To develop sustainable agriculture, the Chinese government began to make efforts to enhance the use efficiency of N fertilizer. In 2015, the Chinese Ministry of Agriculture issued the Action Plan for Zero Growth in Fertilizer Use by 2020. Afterwards, huge efforts have been made to reduce fertilizer applications while optimizing agricultural management to increase crop yields including: (1) adjustment of fertilizer structure through changing the proportion of N, phosphorus, potassium, and trace elements; (2) optimization of fertilization management with right fertilizer type, right amount, right placement strategy, and right application time; (3) recycling of manure and cropland residues to replace chemical fertilizers [12]. As a result, Chinese agricultural N applications decreased by 13.6% from 35.4 Tg N yr⁻¹ in 2016 to 30.6 Tg N yr⁻¹ in 2020 (Fig. S6a), and agricultural N₂O emissions declined by 7.3% in China in the meantime (Fig. 1e), which is comparable with a previous report [11]. Even so, agriculture still stands for the largest anthropogenic N₂O emissions, implying existing practices need to be strengthened and further abatement actions are needed, such as boosting N use efficiency by using enhanced-efficiency fertilizers and organic amendments, optimizing livestock manure management through the shift from solid manure systems to liquid manure systems.

Abatement technologies like thermal or catalytic reduction can remove 80%–98% of N₂O emitted from adipic acid and nitric acid production [16,21,35]. N₂O abatement equipment has been installed for adipic acid plants since the 1990 s in Europe, resulting in an 98% reduction in industrial N₂O emissions between 1990 and 2017 [36]. Reductions in industry N₂O emissions have also been observed globally over the past three decades due to the installation of abatement devices in adipic acid plants [6,17,36]. However, only two plants with N₂O abatement in China have been reported in CDM projects so far [18]. As the first commitment period under the Kyoto Protocol only covered the years 2008–2012, the commitment of N₂O abatement from these two plants has not been reported in CDM after 2012; thus, it is unclear whether these plants have continued to reduce N₂O emissions due to the high cost of abatement [37,38]. Additionally, there has been a rising demand for adipic acid production in China, leading to high N₂O emissions in the last decade (Fig. 1d). This implies that cost-effective abatement is urgently required in China. The end treatment technologies like the thermal decomposition method should be considered to reduce N₂O emissions from industry. Since there would be extra costs for chemical plants to install and operate the abatement equipment, government subsidies can make plants more motivated to abate N₂O emissions.

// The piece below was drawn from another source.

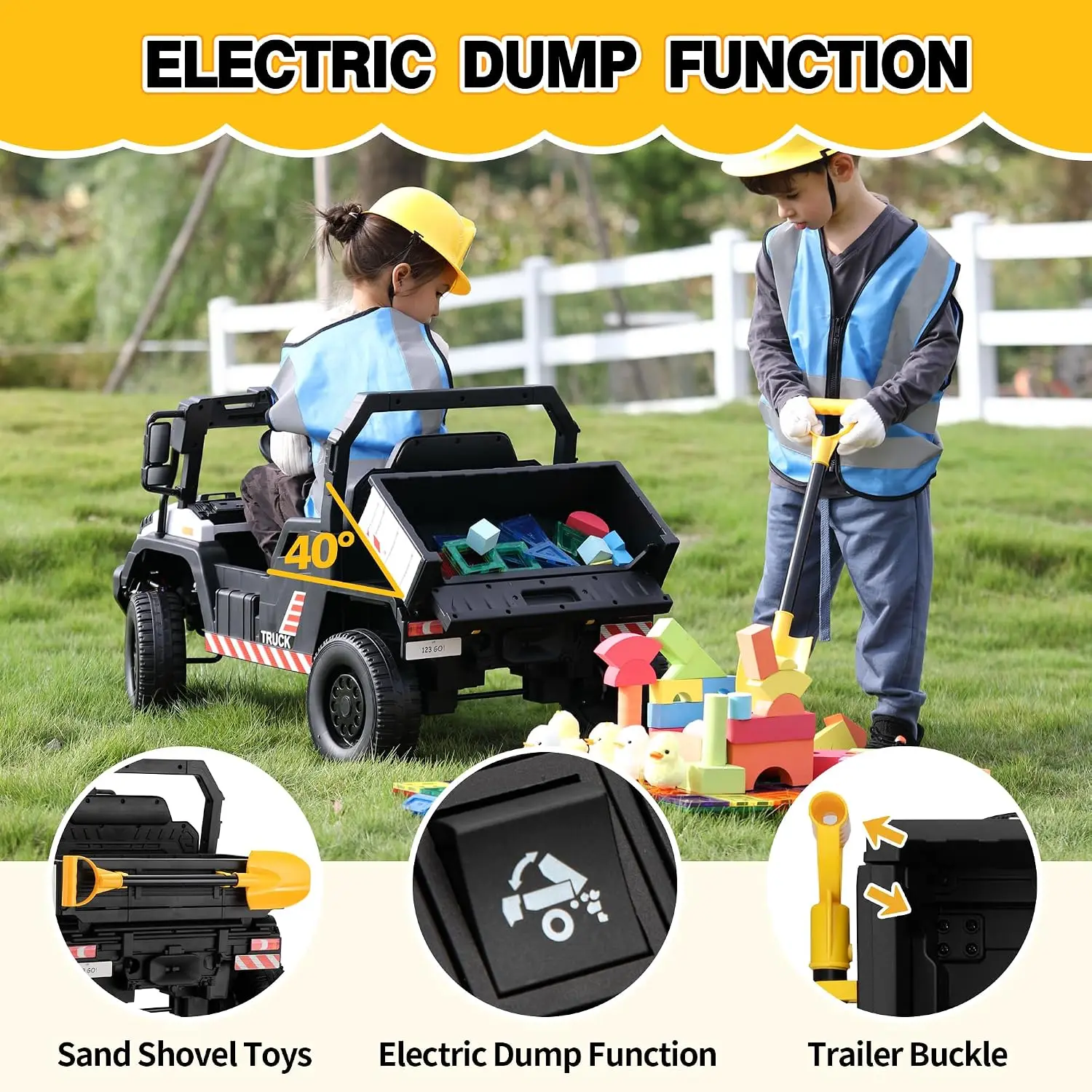 12V Electric Kids Dump Truck Toy Toddlers Ride Car Parent Remote Control Battery Powered 4 Wheels Off Road Vehicle Drive Auto Tr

During the combustion of fossil fuels, part of petrogenic N is thermally catalyzed into N₂O, and its EFs are controlled by the composition of fossil fuels [7,16]. Rapid increases in coal usage are the most important cause for the large increase rate of energetic N₂O emission in the 2000s (Fig. S7 and Table 1). In the 2010s, the Chinese government implemented a number of policies and measures to optimize energy structure by reducing coal usage [39,40]. Afterward, the growth rate of energetic N₂O emission slowed down in the 2010s (Table 1). To achieve carbon neutrality, further adjustment of energy structure by cutting down coal usage and increasing the use of clean energy can not only reduce N₂O emissions from the energy sector, but also significantly reduce CO₂ emissions.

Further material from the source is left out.